Fred the Baker from the 80’s Dunkin Doughnuts commercials was a symbol of that decade. He was hardworking and determined to do a good job. Every morning, a sluggish man would drag himself out of bed to make some dough and doughnuts. He appeared exhausted and not happy about his situation. Rain, snow or wind would prevent him from following through on this commitment. A contact brought up a thought provoking question last night. Did the character of Fred the Baker ever take a leap of faith?
I reviewed the commercials on YouTube last night for nostalgia and to look at it with new eyes. When the ad first came out I was a runny nosed kid. Fred the Baker had a house and a wife. I wonder since he was older if it was possible he used to work in another industry and then retired? In the current decade it is not unusual for people to retire and then take a part time job somewhere.

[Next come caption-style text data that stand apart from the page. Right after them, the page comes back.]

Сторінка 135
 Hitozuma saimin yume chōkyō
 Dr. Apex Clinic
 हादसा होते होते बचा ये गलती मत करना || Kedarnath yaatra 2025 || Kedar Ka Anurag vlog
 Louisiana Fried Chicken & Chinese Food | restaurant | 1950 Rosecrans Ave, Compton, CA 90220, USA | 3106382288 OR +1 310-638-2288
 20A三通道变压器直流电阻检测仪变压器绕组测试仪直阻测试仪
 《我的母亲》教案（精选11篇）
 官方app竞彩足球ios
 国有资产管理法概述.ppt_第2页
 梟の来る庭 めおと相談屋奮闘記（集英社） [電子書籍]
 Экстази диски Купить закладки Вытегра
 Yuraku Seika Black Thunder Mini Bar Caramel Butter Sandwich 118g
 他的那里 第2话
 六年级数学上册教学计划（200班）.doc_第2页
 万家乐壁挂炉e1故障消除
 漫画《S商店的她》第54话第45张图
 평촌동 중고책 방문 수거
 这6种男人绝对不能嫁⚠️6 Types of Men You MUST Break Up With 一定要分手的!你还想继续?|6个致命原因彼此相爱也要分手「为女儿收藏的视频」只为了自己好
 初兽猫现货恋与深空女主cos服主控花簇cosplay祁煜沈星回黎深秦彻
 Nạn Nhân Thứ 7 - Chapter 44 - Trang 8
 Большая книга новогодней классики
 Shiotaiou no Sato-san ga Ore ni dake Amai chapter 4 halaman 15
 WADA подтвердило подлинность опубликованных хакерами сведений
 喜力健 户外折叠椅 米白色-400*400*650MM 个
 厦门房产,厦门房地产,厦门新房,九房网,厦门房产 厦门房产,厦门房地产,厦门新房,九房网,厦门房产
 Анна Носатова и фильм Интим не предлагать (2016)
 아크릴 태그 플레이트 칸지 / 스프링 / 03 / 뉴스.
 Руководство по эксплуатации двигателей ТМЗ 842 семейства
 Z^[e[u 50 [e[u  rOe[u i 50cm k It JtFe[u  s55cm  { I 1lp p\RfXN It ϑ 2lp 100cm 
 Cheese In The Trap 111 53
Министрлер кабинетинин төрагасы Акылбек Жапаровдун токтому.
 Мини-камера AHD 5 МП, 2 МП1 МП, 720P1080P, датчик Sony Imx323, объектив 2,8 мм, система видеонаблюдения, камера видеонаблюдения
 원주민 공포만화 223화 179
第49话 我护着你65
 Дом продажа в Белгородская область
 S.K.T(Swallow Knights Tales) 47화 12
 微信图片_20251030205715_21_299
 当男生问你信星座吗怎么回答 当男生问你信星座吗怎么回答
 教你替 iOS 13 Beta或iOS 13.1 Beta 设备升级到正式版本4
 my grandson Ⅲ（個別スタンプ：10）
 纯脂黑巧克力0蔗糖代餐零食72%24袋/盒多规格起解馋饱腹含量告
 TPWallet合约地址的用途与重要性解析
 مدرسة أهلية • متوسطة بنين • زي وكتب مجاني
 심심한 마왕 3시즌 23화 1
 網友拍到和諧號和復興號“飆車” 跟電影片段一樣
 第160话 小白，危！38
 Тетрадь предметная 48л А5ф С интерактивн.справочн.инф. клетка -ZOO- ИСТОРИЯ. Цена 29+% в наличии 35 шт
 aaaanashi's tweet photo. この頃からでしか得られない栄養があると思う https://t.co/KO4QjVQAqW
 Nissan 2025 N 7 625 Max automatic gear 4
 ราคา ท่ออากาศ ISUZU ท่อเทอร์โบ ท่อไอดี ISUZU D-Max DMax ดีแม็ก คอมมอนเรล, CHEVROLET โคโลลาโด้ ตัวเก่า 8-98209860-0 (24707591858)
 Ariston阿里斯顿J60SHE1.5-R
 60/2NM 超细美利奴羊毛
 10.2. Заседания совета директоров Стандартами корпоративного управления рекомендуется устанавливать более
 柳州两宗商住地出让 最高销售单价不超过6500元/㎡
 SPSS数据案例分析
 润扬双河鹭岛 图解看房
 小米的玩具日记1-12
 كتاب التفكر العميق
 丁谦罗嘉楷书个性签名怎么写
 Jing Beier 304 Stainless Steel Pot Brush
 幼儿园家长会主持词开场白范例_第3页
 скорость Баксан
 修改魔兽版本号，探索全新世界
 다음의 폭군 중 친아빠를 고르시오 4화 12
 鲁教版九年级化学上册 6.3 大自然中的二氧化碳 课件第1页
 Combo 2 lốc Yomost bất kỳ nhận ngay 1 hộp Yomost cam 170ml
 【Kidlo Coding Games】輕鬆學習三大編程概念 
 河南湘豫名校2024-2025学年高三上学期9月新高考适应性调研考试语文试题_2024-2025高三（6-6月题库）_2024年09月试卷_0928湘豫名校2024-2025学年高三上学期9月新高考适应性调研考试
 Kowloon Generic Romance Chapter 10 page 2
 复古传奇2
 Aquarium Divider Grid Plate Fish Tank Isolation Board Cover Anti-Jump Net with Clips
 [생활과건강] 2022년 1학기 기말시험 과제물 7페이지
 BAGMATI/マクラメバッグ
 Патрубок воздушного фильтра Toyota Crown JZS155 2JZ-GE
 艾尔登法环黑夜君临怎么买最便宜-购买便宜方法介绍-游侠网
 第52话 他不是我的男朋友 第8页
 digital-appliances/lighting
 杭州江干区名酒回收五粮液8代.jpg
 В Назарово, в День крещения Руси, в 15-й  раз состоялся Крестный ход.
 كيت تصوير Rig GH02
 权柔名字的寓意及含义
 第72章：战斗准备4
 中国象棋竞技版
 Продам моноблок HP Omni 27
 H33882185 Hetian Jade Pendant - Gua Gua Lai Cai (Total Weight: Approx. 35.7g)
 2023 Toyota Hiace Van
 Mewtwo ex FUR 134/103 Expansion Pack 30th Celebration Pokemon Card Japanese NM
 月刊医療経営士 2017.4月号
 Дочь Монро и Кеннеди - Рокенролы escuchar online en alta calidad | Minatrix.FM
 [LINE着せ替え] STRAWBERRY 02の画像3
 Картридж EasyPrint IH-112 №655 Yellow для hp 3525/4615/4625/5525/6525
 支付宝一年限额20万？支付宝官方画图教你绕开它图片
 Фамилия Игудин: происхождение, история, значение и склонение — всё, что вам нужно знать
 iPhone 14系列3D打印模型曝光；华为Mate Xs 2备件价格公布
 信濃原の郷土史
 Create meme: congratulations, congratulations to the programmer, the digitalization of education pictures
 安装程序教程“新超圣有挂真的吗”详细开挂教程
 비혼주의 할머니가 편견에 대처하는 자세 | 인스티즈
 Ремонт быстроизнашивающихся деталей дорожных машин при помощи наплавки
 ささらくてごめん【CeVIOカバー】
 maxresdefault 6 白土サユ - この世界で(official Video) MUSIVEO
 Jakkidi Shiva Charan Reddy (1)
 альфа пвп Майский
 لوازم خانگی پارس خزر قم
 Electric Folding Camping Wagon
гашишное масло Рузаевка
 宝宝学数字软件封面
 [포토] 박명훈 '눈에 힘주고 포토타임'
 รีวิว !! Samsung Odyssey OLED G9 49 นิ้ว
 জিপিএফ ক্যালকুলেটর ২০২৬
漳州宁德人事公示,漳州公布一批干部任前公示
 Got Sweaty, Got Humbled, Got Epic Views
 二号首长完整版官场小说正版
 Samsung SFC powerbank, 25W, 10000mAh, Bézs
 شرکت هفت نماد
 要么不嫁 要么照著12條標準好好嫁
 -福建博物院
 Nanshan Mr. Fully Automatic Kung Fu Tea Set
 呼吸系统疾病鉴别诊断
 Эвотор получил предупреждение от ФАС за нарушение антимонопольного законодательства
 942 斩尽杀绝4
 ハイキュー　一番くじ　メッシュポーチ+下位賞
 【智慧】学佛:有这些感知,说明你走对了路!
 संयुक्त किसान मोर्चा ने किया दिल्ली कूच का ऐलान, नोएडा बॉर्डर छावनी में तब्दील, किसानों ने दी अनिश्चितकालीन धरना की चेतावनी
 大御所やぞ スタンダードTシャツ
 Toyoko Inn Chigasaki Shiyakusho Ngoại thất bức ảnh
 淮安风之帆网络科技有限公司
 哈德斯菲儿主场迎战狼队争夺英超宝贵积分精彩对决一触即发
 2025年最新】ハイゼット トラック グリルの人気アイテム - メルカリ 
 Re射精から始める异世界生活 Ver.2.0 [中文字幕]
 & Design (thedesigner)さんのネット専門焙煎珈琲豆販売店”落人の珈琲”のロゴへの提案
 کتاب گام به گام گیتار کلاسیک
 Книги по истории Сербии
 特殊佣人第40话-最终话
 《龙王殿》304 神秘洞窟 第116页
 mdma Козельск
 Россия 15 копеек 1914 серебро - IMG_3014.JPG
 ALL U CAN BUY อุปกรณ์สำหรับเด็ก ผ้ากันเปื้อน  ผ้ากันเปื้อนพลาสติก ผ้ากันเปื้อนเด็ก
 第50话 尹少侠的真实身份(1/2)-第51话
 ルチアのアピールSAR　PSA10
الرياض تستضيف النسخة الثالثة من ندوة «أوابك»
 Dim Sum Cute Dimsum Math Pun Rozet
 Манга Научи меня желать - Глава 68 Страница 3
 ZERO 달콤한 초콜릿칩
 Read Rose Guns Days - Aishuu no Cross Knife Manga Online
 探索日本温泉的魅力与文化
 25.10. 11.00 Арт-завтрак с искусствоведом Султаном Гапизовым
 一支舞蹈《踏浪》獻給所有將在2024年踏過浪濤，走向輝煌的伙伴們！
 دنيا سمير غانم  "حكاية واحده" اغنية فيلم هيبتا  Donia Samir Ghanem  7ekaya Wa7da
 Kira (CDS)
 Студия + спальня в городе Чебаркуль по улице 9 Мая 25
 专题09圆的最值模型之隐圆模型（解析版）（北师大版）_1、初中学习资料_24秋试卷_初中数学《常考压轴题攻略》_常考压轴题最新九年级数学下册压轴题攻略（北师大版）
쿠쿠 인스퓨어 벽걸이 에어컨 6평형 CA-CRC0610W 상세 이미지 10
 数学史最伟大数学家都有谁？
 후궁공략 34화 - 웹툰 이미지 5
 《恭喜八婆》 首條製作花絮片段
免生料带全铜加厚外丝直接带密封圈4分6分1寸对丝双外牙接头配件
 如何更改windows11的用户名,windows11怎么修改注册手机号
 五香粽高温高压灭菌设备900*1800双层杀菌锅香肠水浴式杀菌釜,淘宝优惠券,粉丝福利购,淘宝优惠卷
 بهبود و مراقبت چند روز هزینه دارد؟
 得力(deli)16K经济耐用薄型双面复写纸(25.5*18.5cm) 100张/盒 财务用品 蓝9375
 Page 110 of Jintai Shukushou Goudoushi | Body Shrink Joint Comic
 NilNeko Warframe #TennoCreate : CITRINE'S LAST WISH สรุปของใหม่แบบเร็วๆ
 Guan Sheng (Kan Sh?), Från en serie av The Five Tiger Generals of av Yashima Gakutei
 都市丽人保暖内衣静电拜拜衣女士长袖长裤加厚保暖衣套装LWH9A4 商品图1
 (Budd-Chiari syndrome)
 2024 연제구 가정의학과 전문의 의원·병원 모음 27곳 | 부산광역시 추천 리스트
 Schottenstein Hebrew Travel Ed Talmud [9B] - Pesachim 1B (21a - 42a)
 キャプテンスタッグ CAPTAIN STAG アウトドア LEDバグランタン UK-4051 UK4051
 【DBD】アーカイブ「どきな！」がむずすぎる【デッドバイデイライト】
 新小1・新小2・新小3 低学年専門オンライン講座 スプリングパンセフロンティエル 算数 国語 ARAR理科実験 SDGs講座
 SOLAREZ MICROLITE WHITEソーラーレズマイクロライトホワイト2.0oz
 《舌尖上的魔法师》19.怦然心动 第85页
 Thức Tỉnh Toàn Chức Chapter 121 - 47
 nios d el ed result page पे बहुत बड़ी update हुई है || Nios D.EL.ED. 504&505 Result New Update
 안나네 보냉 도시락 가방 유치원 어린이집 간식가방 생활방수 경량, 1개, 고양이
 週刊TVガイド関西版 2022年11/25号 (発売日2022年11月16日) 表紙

When I thought about the question I became a bit annoyed. Just because Fred worked in a doughnut shop didn’t mean he never took a leap of faith. Granted the job was not glamorous but how many of us can say our jobs are trendy? There have always been dips in the economy and job market. People earn degrees and never do what they studied for as a career. It stinks, but the reality is a person needs to make a decent living to make it in this world. Fred the Baker sounded like a responsible guy (since the pastries counted on him alone to make them).
As someone who has both a BA and MA degree, I have tried to land a writing position. My current job is not trendy but I make money. While I take a leap of faith in applying and putting my name out in the writing world, it doesn’t mean someone who doesn’t has not taken a leap of faith.
Fred the Baker’s leap of faith was the belief that his work was meaningful. The dough wouldn’t rise unless he did every morning in the wee hours. His leap of faith was the notion that his work provided happiness to the Dunkin and Doughnuts franchise. If we could bottle up a small drop of that feeling I think there wouldn’t be so many disgruntled employees.
The cute old man in the uniform left more than floured rolling pins and dirtied aprons. He gave the underdog hope and reassurance that each person’s work no matter how unglamorous has importance.